[Crawled caption data]
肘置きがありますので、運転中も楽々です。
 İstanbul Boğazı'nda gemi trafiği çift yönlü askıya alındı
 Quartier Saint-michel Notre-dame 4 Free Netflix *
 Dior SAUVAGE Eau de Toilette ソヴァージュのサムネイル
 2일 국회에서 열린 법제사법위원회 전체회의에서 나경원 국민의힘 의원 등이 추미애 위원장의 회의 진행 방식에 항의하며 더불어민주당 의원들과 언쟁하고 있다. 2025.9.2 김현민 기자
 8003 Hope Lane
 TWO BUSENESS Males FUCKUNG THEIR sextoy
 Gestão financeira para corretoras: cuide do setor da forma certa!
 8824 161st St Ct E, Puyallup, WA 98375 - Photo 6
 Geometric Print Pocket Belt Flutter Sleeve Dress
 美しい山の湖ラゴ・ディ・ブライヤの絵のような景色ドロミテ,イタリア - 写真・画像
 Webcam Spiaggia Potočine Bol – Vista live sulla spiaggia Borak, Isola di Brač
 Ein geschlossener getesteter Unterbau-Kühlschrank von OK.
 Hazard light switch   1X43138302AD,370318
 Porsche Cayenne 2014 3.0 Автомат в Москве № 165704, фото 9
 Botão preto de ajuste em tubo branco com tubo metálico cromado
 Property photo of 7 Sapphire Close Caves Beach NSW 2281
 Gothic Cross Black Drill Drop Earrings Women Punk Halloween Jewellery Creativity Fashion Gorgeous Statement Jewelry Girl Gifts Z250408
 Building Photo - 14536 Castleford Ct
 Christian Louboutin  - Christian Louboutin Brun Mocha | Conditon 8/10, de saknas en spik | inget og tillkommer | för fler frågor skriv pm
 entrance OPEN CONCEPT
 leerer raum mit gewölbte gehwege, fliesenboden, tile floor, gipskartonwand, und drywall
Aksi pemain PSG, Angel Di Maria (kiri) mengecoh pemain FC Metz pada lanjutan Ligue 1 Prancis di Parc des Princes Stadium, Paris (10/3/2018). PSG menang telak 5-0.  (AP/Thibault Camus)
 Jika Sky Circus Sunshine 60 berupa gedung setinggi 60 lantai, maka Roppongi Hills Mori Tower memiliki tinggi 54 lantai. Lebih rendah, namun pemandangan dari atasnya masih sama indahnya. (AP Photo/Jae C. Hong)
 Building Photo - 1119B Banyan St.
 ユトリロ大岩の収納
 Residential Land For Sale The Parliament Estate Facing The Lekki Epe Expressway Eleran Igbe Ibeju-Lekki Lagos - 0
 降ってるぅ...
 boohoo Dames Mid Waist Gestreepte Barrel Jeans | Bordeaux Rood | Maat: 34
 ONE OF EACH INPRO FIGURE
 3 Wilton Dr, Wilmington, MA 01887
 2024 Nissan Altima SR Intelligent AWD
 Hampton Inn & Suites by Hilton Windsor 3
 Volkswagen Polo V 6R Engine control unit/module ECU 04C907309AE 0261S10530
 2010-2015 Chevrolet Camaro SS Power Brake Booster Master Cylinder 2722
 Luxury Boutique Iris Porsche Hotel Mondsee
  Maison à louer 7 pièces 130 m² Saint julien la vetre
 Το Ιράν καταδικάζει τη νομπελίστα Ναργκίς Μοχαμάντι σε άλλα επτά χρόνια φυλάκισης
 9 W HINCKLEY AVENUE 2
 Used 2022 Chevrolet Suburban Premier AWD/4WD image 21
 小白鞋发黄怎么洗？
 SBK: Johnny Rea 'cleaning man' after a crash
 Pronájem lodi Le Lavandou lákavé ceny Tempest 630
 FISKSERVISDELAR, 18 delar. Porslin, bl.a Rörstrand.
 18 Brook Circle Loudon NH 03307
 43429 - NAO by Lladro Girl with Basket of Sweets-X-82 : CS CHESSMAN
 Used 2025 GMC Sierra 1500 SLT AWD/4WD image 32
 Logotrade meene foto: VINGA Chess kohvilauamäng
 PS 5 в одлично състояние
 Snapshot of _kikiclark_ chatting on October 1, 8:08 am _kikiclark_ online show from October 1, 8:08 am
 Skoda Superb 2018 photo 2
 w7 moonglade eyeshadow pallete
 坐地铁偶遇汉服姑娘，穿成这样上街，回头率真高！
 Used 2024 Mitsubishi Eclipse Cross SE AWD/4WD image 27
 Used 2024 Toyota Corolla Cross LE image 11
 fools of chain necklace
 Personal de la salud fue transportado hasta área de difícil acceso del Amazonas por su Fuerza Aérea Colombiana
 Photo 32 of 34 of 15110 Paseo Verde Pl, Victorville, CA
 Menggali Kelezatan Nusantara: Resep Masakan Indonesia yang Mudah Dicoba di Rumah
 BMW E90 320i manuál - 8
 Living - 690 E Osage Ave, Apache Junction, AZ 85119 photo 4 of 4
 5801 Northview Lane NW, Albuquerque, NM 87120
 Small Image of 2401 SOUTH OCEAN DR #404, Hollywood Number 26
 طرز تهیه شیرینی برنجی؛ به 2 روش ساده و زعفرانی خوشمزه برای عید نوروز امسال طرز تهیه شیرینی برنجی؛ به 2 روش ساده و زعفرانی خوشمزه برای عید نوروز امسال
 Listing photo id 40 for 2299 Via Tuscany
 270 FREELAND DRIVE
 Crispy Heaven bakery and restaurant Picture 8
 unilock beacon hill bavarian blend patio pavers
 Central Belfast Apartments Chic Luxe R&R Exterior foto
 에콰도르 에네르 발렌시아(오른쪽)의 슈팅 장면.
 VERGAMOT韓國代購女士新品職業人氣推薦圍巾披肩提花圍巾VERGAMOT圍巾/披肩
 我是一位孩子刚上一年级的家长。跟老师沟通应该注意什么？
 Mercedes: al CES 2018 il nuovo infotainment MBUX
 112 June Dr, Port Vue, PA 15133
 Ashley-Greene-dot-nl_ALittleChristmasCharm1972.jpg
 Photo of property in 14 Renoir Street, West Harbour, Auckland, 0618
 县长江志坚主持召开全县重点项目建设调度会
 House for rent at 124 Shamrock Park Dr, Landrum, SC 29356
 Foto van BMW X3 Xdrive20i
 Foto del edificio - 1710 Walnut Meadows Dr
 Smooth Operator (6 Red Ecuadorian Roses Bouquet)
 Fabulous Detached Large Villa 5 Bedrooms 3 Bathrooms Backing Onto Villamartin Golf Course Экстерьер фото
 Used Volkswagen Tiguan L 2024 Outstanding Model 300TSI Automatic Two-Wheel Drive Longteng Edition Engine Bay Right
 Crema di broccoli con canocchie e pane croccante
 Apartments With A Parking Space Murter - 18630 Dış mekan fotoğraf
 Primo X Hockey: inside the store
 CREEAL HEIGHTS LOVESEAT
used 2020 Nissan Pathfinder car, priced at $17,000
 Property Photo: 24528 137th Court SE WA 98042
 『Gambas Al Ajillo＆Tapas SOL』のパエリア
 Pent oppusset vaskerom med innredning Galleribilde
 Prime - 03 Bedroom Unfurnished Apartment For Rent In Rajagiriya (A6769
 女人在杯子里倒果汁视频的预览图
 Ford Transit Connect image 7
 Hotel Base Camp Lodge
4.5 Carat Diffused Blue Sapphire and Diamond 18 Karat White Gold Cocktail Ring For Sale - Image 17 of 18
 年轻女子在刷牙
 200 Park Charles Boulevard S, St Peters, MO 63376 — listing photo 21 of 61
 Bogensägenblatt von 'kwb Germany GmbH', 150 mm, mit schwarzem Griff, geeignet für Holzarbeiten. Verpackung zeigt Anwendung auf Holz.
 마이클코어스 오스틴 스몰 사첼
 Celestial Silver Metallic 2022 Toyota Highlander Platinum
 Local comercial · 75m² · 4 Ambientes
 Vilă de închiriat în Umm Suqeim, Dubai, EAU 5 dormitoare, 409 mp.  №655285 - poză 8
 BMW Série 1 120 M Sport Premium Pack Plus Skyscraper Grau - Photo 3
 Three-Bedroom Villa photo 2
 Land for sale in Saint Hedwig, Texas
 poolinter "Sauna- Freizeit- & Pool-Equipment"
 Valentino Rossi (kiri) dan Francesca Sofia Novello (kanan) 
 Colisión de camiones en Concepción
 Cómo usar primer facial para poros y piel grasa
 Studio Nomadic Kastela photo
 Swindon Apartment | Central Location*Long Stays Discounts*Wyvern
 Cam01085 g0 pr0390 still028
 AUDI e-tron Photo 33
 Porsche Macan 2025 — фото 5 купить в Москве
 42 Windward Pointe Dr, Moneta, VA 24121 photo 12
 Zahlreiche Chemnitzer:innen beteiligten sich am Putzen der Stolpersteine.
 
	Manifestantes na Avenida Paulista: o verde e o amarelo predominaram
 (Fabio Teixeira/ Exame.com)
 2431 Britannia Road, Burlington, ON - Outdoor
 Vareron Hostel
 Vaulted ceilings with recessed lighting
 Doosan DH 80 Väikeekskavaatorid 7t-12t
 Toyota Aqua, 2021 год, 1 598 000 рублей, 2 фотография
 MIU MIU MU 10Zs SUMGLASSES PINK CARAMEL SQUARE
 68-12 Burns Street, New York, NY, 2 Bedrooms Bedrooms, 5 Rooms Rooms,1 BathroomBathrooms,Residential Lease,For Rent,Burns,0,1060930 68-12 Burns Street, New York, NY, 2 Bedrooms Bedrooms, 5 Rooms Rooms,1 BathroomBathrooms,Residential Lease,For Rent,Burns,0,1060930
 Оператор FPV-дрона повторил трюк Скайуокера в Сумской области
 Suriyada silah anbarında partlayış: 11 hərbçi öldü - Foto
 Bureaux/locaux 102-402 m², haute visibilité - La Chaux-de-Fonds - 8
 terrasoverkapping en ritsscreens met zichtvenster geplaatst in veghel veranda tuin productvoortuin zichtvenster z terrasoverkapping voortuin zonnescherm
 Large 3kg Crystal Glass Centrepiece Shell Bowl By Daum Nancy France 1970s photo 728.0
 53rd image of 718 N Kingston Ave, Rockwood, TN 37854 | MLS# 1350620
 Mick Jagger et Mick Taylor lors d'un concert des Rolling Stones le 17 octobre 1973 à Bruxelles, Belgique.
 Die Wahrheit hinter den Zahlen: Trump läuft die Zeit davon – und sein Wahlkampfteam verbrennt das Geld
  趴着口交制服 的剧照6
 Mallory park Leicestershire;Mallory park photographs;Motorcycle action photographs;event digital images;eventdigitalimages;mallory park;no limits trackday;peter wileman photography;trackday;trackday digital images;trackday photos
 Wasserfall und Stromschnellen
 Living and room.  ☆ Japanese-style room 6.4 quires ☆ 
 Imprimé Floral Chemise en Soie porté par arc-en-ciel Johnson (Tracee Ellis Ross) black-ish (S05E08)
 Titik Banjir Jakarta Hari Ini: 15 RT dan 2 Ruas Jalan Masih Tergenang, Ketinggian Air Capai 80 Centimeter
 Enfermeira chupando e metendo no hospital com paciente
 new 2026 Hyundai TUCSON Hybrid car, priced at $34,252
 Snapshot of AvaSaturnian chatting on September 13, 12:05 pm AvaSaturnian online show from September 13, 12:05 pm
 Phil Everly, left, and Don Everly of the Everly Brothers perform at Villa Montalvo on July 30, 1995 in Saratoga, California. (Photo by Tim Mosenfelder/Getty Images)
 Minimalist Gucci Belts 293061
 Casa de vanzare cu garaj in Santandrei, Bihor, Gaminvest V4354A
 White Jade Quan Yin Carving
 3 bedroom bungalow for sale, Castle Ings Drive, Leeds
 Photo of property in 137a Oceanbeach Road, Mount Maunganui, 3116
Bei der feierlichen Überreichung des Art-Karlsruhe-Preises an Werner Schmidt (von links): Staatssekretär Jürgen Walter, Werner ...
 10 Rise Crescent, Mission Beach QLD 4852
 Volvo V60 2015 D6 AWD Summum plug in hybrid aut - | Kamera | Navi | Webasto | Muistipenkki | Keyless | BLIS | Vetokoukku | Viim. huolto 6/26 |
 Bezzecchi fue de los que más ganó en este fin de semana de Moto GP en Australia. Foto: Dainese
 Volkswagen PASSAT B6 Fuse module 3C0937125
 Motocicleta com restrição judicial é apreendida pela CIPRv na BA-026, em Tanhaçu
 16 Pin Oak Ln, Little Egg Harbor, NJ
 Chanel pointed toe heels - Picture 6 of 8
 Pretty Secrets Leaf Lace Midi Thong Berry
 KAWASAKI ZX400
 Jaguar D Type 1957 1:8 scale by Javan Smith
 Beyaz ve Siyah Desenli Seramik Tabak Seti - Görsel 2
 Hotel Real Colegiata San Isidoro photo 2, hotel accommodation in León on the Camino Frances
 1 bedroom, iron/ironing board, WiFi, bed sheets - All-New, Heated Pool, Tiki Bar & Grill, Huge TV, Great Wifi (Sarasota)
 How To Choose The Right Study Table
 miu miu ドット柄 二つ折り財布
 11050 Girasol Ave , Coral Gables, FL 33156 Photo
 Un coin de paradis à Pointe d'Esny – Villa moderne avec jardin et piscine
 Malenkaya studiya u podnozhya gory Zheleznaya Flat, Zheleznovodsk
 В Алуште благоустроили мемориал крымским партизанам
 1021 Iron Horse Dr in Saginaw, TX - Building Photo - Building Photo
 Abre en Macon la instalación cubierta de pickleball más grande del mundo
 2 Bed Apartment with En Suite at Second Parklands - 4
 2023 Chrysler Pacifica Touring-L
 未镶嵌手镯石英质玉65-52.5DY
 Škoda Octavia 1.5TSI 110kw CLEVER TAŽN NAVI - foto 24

Problem -
Print, exactly as written, the first line of the records above and each line after it until the line with "Gothic Cross Black", which is printed too.

Response -
肘置きがありますので、運転中も楽々です。
 İstanbul Boğazı'nda gemi trafiği çift yönlü askıya alındı
 Quartier Saint-michel Notre-dame 4 Free Netflix *
 Dior SAUVAGE Eau de Toilette ソヴァージュのサムネイル
 2일 국회에서 열린 법제사법위원회 전체회의에서 나경원 국민의힘 의원 등이 추미애 위원장의 회의 진행 방식에 항의하며 더불어민주당 의원들과 언쟁하고 있다. 2025.9.2 김현민 기자
 8003 Hope Lane
 TWO BUSENESS Males FUCKUNG THEIR sextoy
 Gestão financeira para corretoras: cuide do setor da forma certa!
 8824 161st St Ct E, Puyallup, WA 98375 - Photo 6
 Geometric Print Pocket Belt Flutter Sleeve Dress
 美しい山の湖ラゴ・ディ・ブライヤの絵のような景色ドロミテ,イタリア - 写真・画像
 Webcam Spiaggia Potočine Bol – Vista live sulla spiaggia Borak, Isola di Brač
 Ein geschlossener getesteter Unterbau-Kühlschrank von OK.
 Hazard light switch   1X43138302AD,370318
 Porsche Cayenne 2014 3.0 Автомат в Москве № 165704, фото 9
 Botão preto de ajuste em tubo branco com tubo metálico cromado
 Property photo of 7 Sapphire Close Caves Beach NSW 2281
 Gothic Cross Black Drill Drop Earrings Women Punk Halloween Jewellery Creativity Fashion Gorgeous Statement Jewelry Girl Gifts Z250408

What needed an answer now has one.